Выбрать главу

‘Dank je, dat jullie hebben gewacht tot ik zat,’ zei Goudmaan haastig om de aarzeling van de anderen te camoufleren. ‘Neem toch plaats.’

‘Nee, laat maar,’ begon Caramon met zijn armen over elkaar. ‘Ik stond helemaal niet te wachten. Ik ben echt niet van plan om op zo’n rare stoel—’ Sturm gaf de krijger een felle por in de ribben met zijn elleboog. ‘Genadige vrouwe.’ Sturm maakte een buiging en nam met de waardigheid van een ridder plaats.

‘Nou, als hij het kan, kan ik het ook,’ mompelde Caramon, die haastig een besluit nam nu hij zag dat de centaurs het eten kwamen brengen.
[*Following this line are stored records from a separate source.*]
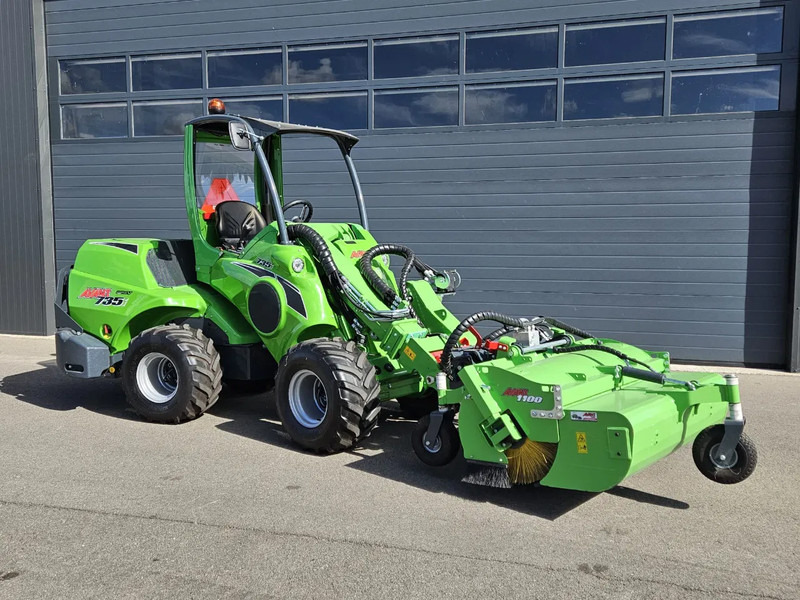 Avant 735i Rental mini-shovel - Гусеничный мини-погрузчик: фото 1 Avant 735i Rental mini-shovel - Гусеничный мини-погрузчик: фото 1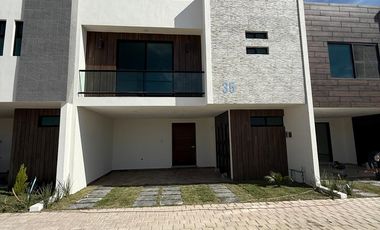 HERMOSA CASA EN ALTANA RESIDENCIAL, MUY CERCA DE PLAZA SAN DIEGO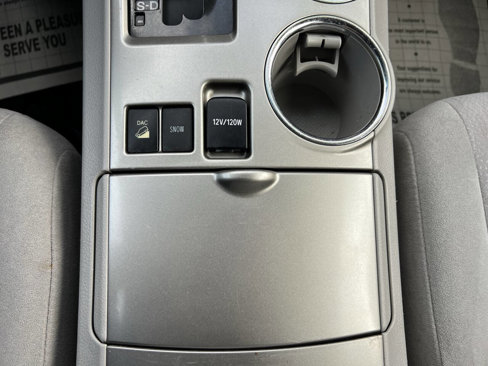 Used 2012 Toyota Highlander SE image 28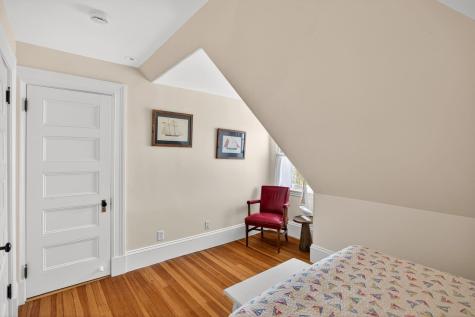 528 Main Street Harwich MA 02646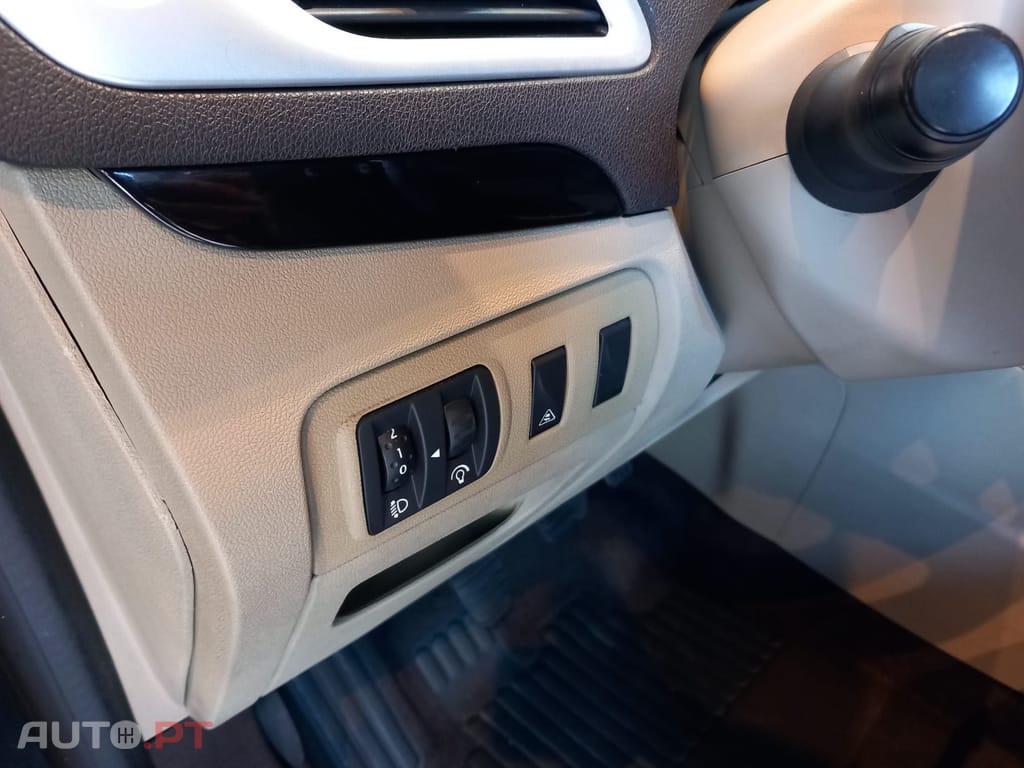 Renault Mégane Scenic 1.5 dci 110cv 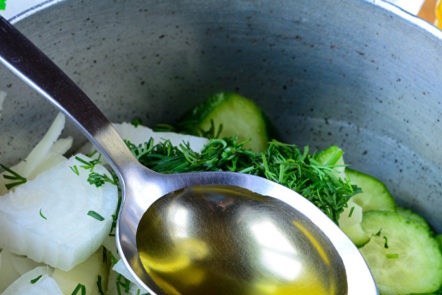 добавете масло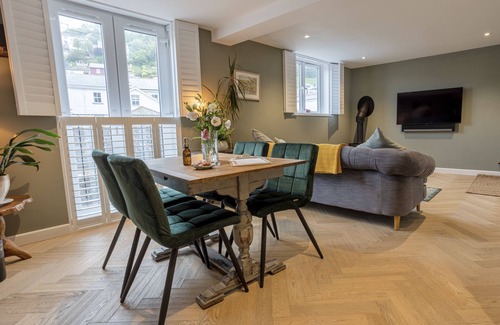 Dartmouth Apartment | The Old Stables - Luxury Dartmouth town centre apartment w/parking permit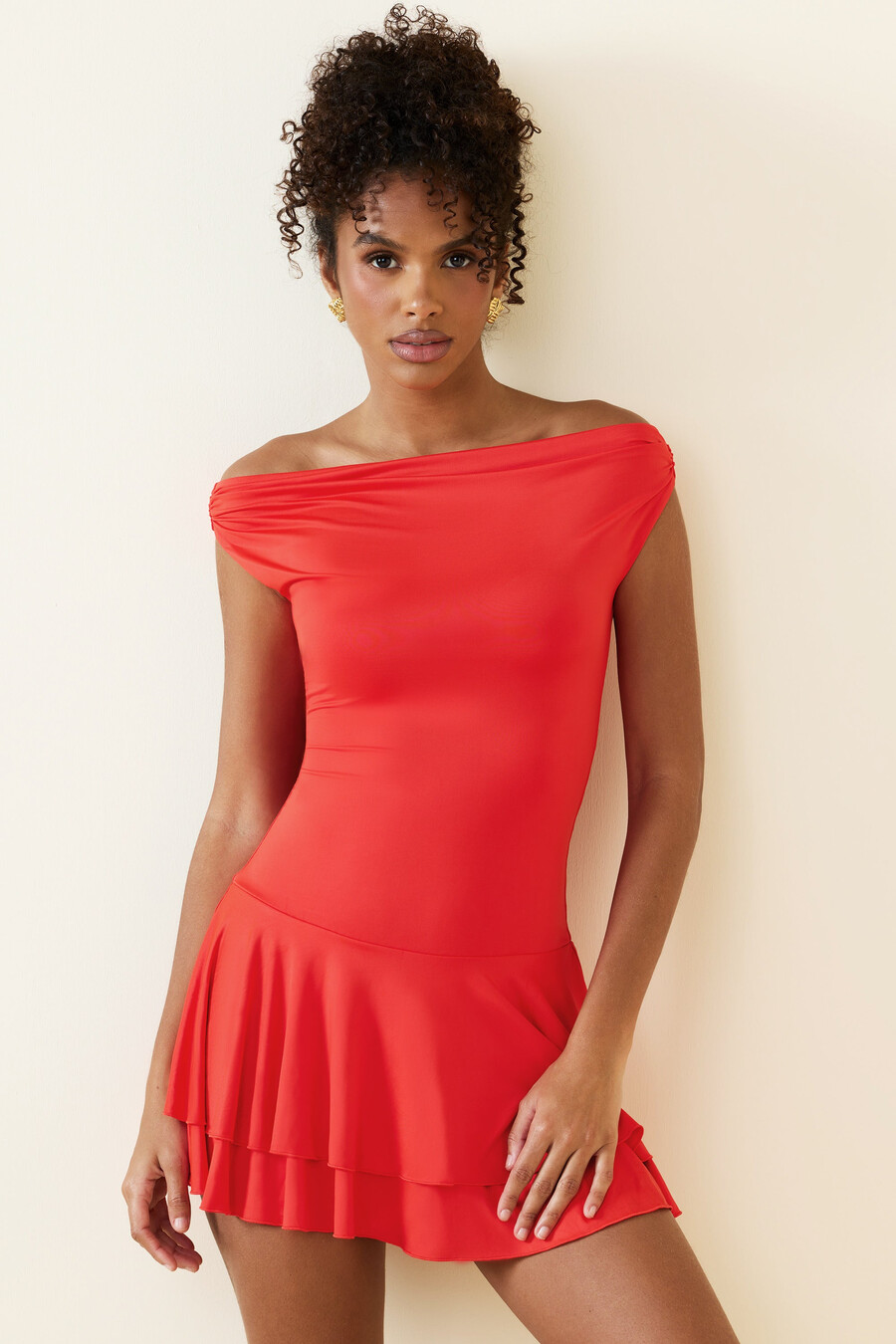 off-shoulder mini-jurk met ruches in scharlakenrood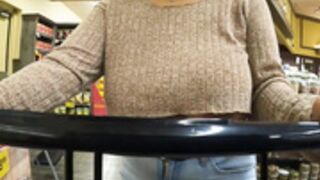 Perridotspalmtree public store walk 2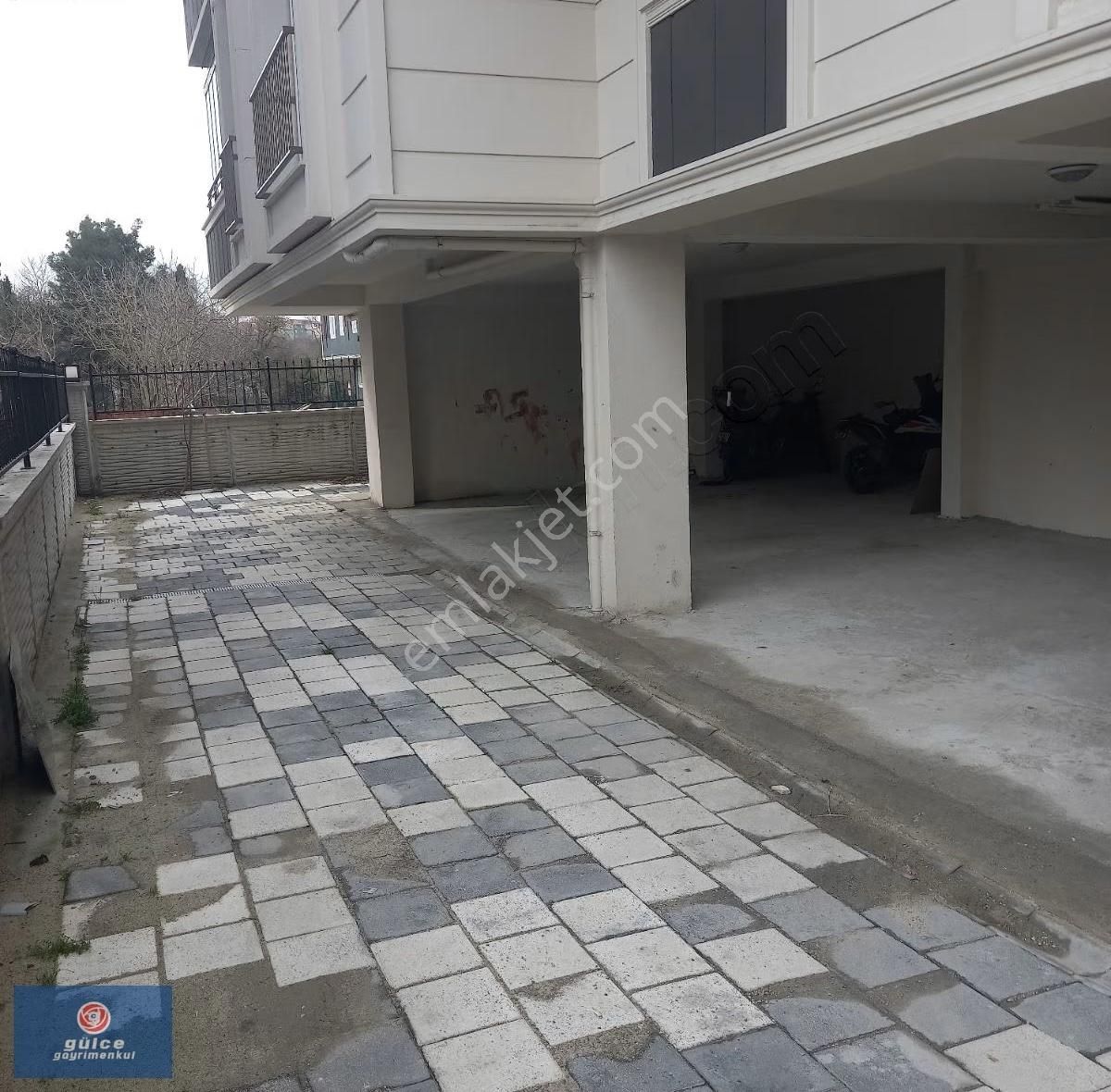 Arnavutköy Bolluca Mavigöl Mah.satılık 2+1site İcerisinde Daire - Görsel 34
Hij hielp zijn broer in een stoel en ging toen zelf ook zitten, heel voorzichtig om te controleren of de stoel hem wel kon dragen.

Vier centaurs vatten post bij de hoeken van het reusachtige witte kleed dat op de grond lag. Ze tilden het op tot de hoogte van een tafel en lieten het los. Het kleed bleef hangen, en het kunstig geborduurde oppervlak was zo hard en stevig als de robuuste tafels in de Herberg van het Laatste Huis.
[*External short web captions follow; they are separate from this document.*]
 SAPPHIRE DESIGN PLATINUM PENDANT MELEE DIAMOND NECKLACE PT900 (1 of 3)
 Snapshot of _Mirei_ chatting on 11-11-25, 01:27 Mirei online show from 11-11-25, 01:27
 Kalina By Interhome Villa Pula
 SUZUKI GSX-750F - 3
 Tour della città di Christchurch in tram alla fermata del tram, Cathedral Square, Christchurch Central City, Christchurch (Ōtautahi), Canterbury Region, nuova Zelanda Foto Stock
‘Fantastisch! Hoe doen ze dat?’ riep Tasselhof uit terwijl hij onder het kleed tuurde. ‘Er zit helemaal niets onder!’ rapporteerde hij met ogen als schoteltjes.

De centaurs schaterden het uit, en zelfs de Woldmeester glimlachte. Nu zetten de centaurs borden neer van prachtig uitgesneden en glanzend geboend hout. Iedere gast kreeg een mes en vork, vervaardigd uit het gewei van een hert. Schalen vol warm, geroosterd vlees verspreiddeneen verleidelijke rooklucht. Geurige broden en enorme schalen vol fruit glansden in het zachte licht van de lampen.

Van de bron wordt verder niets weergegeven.